──────── DATA EXTRACT ────────

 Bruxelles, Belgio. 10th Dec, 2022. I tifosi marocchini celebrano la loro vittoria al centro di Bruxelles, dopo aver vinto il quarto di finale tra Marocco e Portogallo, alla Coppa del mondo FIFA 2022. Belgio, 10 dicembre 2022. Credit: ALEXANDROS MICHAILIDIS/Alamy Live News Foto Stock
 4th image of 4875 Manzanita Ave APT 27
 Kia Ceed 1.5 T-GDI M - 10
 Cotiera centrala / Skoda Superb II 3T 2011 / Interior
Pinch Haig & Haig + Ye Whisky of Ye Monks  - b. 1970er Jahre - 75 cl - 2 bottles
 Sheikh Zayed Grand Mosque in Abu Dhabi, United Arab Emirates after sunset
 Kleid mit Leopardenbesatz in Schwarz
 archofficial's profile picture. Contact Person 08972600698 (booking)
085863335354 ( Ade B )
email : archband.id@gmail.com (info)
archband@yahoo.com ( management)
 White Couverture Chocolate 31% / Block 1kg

────────
──────── DATA EXTRACT ────────

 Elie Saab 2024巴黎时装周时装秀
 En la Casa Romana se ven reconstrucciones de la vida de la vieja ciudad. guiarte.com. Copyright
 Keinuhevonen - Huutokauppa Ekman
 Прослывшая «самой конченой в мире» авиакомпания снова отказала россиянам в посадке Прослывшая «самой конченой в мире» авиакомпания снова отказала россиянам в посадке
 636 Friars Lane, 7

────────

__EXERCISE GOAL__. Return a word-for-word copy of the lines above from the one holding "archofficial's profile picture." through the one holding "White Couverture Chocolate 31% / Block 1kg", with both of them included and nothing besides.

__OUTPUT FOR THIS EXERCISE__.
 archofficial's profile picture. Contact Person 08972600698 (booking)
085863335354 ( Ade B )
email : archband.id@gmail.com (info)
archband@yahoo.com ( management)
 White Couverture Chocolate 31% / Block 1kg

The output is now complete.